Labels: corporations, Telecom, unions
1 Comments:
When you use the phrase "labor shortage" or "skills shortage" you're speaking in a sentence fragment. What you actually mean to say is: "There is a labor shortage at the salary level I'm willing to pay." That statement is the correct phrase; the complete sentence and the intellectually honest statement.
Don't speak about shortages as though they represent some absolute, readily identifiable lack of desirable services. Price is rarely accorded its proper importance in this sort of "worker/skill shortage" rhetoric.
If you start raising your wages and improving working conditions, and continue to do so, you'll solve your “shortage” and will shortly have people lining up around the block to work for you even if you need to have huge piles of steaming manure hand-scooped on a blazing summer afternoon.

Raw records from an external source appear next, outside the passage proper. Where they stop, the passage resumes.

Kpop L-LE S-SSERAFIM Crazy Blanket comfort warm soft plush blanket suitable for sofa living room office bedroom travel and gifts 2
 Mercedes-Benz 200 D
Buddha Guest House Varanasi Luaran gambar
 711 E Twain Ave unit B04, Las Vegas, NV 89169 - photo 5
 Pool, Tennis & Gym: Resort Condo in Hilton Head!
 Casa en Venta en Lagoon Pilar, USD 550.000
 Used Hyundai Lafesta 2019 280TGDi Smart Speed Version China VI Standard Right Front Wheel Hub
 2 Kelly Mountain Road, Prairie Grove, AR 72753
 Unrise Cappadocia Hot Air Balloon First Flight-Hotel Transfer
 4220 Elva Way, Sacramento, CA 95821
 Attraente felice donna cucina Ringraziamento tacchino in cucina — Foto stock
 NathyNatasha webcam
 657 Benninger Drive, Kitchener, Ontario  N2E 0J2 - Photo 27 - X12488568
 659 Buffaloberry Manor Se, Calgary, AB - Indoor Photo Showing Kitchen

Re: Shortage due to retirees: With the majority of retirement accounts down about 50% or more, people entering retirement age are being forced to work well into their sunset years. So, you won’t be getting a worker shortage anytime soon due to retirees exiting the workforce.
Okay, fine. Some specialized jobs require training and/or certification, again, the solution is to raise your wages and improve benefits. People will self-fund their re-education so that they can enter the industry in a work-ready state. The attractive wages, working conditions and career prospects of technology during the 1980’s and 1990’s was a prime example of people’s willingness to self-fund their own career re-education.